Stakes-gated red-team completion

_wire_red_team_completion threads stakes_routing.red_team_min_stakes (default HIGH) onto ReviewGateService via set_red_team_min_stakes, so the gate fires only for task.stakes >= red_team_min_stakes; a below-threshold completion logs RED_TEAM_GATE_SKIPPED and dispatch_completion runs it INLINE (a missing task also runs inline so complete_review raises TaskNotFoundError synchronously) rather than deferring a no-op to the background.

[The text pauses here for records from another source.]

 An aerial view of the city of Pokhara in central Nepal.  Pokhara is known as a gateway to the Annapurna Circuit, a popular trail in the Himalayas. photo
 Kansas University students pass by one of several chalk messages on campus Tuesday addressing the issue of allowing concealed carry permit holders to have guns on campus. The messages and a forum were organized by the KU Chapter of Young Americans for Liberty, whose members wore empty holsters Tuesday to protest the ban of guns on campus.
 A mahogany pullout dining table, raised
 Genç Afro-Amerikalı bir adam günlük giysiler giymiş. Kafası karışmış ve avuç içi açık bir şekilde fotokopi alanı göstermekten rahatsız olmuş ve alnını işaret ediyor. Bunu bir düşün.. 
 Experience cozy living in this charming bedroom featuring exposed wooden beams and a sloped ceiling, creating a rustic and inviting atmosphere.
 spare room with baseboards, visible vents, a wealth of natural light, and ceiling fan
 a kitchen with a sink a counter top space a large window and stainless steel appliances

Self-improvement rollback executor

Wires in api/lifecycle_helpers/meta_apply_wiring.py::_wire (best-effort + idempotent, off by default with the self-improvement feature): _build_rollback_executor constructs the six mutators (config/prompt/principle-removal/architecture/code unconditional, branch gated) and threads the executor into SelfImprovementService, which dispatches the applier-MATERIALISED inverse operations (carried on RolloutResult.applied_rollback_operations, NOT the proposal's static plan) on a post-rollout regression, flipping REGRESSED to ROLLED_BACK. The branch/revert_branch handler is gated on code_modification.github_token + github_repo (absent means branch revert omitted, matching the applier's credential gating); github_api_url is https-validated (token rides the Authorization header). A materialised op with no registered handler logs ERROR reason="unregistered_operation_type" and keeps REGRESSED (never a silent swallow).

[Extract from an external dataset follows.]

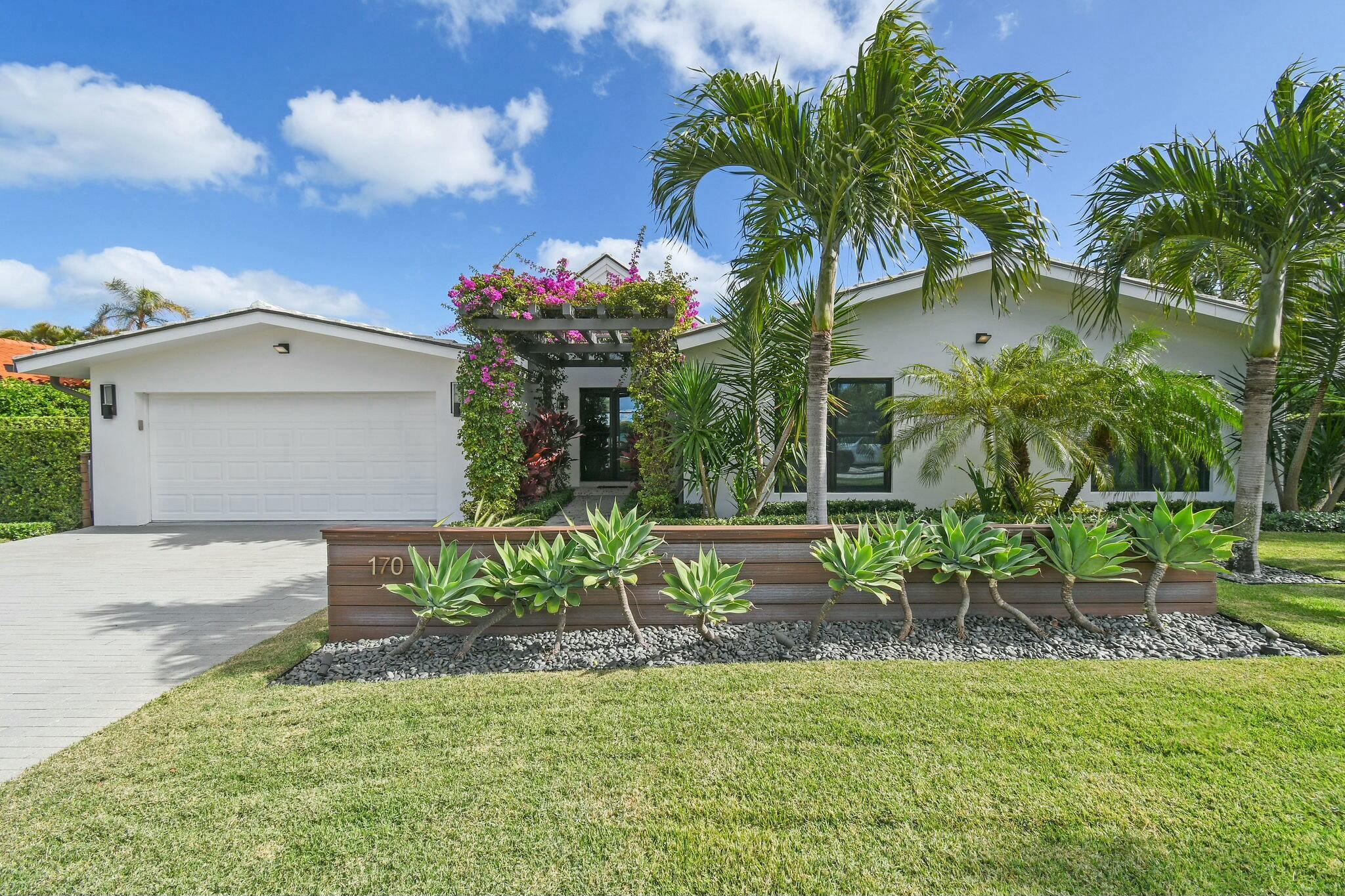 Welcome to your dream home, just steps from the beach in beautiful Jupiter Inlet Colony. This tastefully renovated 4-bedroom, 3.5-bathroom residence features a versatile den, perfect for a home office or extra guest space. As you arrive, you're greeted by a stunning bougainvillea-draped atrium entrance, setting the tone for the tropical oasis within. Inside, the wide-open living space impresses with soaring volume ceilings, gleaming marble floors, and an abundance of natural light. The heart of the home is the open chef's kitchen, complete with a wine cooler, oversized counters, and high-end finishes--ideal for entertaining or quiet family evenings. The primary suite offers a tranquil retreat, featuring custom doors that open to your own private garden. Indulge in the luxurious Zen- inspired spa bathroom, boasting a freestanding tub, sleek finishes, and Kolbe impact windows for style and safety. Step outside to enjoy the sparkling pool, surrounded by lush, tropical landscaping that offers both beauty and privacy. 170 Beacon Lane embodies the Florida lifestyle, with every detail designed for comfort and sophistication. Don't miss this opportunity to live in Jupiter Inlet Colony, where the beach, beauty, and convenience come together in perfect harmony. 
NOTE: 4th bedroom (double bunk room) has no closet, and therefore is technically not a legal Florida bedroom. At a minimal cost, a closet could be added.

Runtime services selection

synthorg.workers.runtime_builder.build_runtime_services selects behind ONE provider-present switch and returns a RuntimeServices pair (worker execution service + multi-agent coordinator) built from a SINGLE shared boot AgentEngine: AgentEngineExecutionService + a build_coordinator(...) coordinator with a provider, or NoProviderExecutionService + None coordinator as the empty-company backstop. The provider-present arm validates coordination.decomposition_model is non-blank before building the coordinator and raises CoordinationConfigError at boot when it is empty (the setting ships blank, so an operator must set a model id from their catalogue). The _install_runtime_services boot hook installs both via the AppState.worker_execution_service and AppState.coordinator seams; it is appended FIRST after the persistence/SettingsService hooks so the once-only set_worker_execution_service and if-absent set_coordinator_if_absent seams cannot lose the race with the worker property's lazy LifecycleAdvancingExecutionService default. Empty-company rejects task creation at the controller (AgentRuntimeNotConfiguredError, 4014) and /coordinate honestly 503s (no coordinator). swap_worker_execution_service / swap_coordinator / swap_provider_registry hold a lock (synchronised against lazy reads).

Setup completion

post_setup_reinit() (provider reload, agent bootstrap, AND runtime-services rebuild + dual hot-swap of the worker execution service and coordinator, defined in src/synthorg/api/controllers/setup/_runtime_wiring.py) propagates failures, and settings_svc.set("api", "setup_complete", "true") only runs if reinit returns clean. The whole check/validate/reinit/persist sequence is serialised under COMPLETE_LOCK (also in _runtime_wiring.py) so two concurrent /setup/complete requests cannot race on the flag write. A half-configured runtime presenting itself as "complete" is worse than a clear error the operator can retry after fixing the underlying provider config.